Blog

Understanding LogLM: The deep learning foundation model built for threat detection

|

Foundation models have transformed how we approach complex problems in artificial intelligence. Security researchers have begun exploring whether this approach works for cybersecurity telemetry. DeepTempo's LogLM (Log Language Model) provides an answer: deep learning foundation models trained on operational data can learn behavioral structures that reveal attacker intent.

LogLM is not a language model repurposed for security. It is a transformer-based foundation model built specifically to understand how systems communicate. Where traditional detection relies on signatures or deviation from baseline, DeepTempo's two-stage architecture learns behavioral representations that classifiers interpret to identify attacker intent. This distinction matters because attackers can make individual network flows appear normal. They cannot make the behavioral timeline structure normal.

How foundation models work for threat detection

Foundation models in cybersecurity operate differently than language counterparts. Purpose-built security foundation models are encoder-focused systems that create behavioral embeddings rather than generating text. They excel at representing complex patterns through learned representations that capture structural relationships.

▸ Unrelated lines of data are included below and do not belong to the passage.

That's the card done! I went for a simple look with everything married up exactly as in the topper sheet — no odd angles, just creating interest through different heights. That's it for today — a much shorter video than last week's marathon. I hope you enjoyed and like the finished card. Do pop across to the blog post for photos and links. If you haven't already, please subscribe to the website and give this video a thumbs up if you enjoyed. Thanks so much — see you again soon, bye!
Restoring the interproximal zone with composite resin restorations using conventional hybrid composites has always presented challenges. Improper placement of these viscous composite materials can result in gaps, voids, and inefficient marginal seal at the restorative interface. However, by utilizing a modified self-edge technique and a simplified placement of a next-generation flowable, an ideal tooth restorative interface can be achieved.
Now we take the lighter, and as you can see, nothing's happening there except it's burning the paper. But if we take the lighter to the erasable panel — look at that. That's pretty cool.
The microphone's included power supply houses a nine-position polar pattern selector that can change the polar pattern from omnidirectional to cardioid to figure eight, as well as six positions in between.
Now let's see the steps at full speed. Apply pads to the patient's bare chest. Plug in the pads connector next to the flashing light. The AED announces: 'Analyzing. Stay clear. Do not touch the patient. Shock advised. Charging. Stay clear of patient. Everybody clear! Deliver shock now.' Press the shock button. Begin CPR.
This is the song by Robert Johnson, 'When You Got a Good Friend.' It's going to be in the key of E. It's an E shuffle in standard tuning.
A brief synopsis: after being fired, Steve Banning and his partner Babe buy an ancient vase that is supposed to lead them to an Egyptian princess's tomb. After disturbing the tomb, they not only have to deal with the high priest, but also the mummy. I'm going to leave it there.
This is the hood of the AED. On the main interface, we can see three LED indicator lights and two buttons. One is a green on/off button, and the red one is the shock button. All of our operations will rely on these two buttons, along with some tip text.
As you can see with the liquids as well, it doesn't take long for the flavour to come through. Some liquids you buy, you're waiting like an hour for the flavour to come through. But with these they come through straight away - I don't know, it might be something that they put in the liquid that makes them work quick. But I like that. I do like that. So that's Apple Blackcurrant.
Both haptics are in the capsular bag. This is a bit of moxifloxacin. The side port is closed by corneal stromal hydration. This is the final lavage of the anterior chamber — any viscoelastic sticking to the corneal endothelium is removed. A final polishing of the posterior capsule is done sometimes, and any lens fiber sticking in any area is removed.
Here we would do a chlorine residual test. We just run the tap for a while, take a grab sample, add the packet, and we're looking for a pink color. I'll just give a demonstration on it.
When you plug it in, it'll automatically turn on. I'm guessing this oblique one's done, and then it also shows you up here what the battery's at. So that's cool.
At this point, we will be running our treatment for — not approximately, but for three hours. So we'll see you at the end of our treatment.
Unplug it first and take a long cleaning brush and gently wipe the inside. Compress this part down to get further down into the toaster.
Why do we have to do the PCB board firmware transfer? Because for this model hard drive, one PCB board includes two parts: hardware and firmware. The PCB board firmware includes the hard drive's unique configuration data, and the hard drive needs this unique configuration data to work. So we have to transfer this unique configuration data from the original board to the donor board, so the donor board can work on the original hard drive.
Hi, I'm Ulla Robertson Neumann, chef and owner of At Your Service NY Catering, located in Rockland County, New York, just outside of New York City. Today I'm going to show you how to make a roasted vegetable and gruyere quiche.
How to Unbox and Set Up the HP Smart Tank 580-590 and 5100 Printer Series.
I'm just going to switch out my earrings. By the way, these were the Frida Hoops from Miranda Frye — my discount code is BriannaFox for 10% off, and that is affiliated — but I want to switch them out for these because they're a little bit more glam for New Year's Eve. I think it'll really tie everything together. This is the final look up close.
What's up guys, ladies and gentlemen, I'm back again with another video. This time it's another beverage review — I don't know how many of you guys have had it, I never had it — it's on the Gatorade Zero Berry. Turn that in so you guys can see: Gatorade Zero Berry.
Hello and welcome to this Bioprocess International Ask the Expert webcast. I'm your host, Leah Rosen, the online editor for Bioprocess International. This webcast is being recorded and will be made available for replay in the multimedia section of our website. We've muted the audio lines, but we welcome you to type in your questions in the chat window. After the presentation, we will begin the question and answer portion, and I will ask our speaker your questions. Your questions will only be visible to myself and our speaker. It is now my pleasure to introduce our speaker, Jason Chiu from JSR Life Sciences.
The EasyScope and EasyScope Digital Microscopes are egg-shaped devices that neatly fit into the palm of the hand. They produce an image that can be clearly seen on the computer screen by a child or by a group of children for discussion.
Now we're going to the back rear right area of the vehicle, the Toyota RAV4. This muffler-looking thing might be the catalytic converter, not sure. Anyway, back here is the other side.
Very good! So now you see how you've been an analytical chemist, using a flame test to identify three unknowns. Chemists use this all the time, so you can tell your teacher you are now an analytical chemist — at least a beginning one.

The transformer architecture enables this through self-attention mechanisms that process entire behavioral timelines rather than individual events. Where recurrent networks struggle with longer contexts, transformers maintain effectiveness across extended timelines. This proves critical for detecting attacker intent that manifests across multiple flows.

The two-stage architecture

DeepTempo implements threat detection through deliberate separation between behavioral learning and intent classification. This design reflects a fundamental insight: understanding how systems operate differs from determining what a specific operational pattern attempts to accomplish.

Stage one: LogLM foundation model. The foundation model learns behavioral representations from flow telemetry between endpoints. Raw NetFlow data undergoes canonical pairing to ensure bidirectional communication appears consistent. The system constructs behavioral timelines representing how two endpoints interact over time. Each flow contributes multiple features that characterize the communication pattern.

LogLM processes these behavioral timelines through transformer layers that create embedding vectors. Similar behavioral timelines cluster together in this embedding space. The model learns structural similarities without understanding intent. A reconnaissance behavioral timeline might cluster near other reconnaissance activity because their structural patterns align, not because LogLM recognizes "reconnaissance."

Stage two: Intent classifiers. Separate classifier heads interpret the behavioral embeddings to assign intent. A binary classifier determines whether a behavioral timeline represents operational activity or attacker behavior. The multi-label classifier then maps malicious behavioral timelines to MITRE ATT&CK tactics.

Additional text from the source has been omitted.